▸ **Supplied data**:
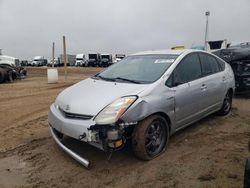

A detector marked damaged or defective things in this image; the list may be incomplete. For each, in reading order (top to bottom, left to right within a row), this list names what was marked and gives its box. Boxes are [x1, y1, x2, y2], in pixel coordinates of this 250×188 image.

crushed hood [55, 78, 148, 116]
broken headlight [94, 96, 137, 125]
damaged toyota prius [48, 49, 234, 167]
crumpled front bumper [49, 127, 91, 168]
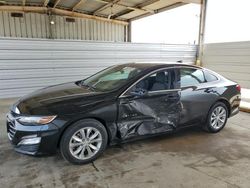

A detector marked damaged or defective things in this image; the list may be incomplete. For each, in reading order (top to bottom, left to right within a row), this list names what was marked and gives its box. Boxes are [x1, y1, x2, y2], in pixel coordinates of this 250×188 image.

damaged black car [6, 62, 240, 164]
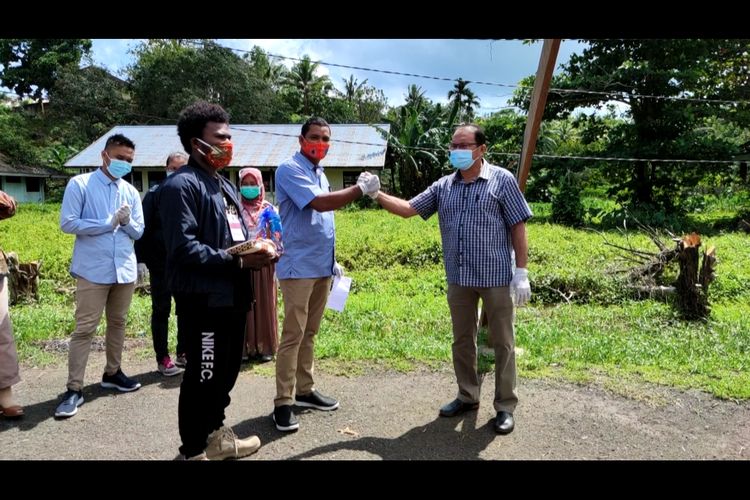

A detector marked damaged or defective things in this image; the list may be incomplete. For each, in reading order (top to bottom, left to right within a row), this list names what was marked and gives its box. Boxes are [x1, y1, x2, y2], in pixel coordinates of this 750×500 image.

rusted metal roof [65, 123, 390, 169]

▸ **Work required**: Each line of the data must be transcribed exactly; pictures are not carried over.

▸ **Result of the task**:
A detector marked damaged or defective things in this image; the list may be incomplete. For each, in reading order (top to bottom, left to right within a row), this list names what was marked and gives its box. Boxes are [x1, y1, x2, y2], in pixel coordinates of this 250×188 image.

crushed hood [55, 78, 148, 116]
broken headlight [94, 96, 137, 125]
damaged toyota prius [48, 49, 234, 167]
crumpled front bumper [49, 127, 91, 168]

A detector marked damaged or defective things in this image; the list may be incomplete. For each, in reading order (top to bottom, left to right within a row), this list names what was marked and gives its box. Boxes are [x1, y1, x2, y2], in pixel coordinates of this 250×188 image.

damaged black car [6, 62, 240, 164]

A detector marked damaged or defective things in this image; the list may be incomplete. For each, in reading order (top to bottom, left to right within a row), this list names what was marked and gives its box. Boxes are [x1, y1, x2, y2], in pixel coordinates of this 750×500 image.

rusted metal roof [65, 123, 390, 169]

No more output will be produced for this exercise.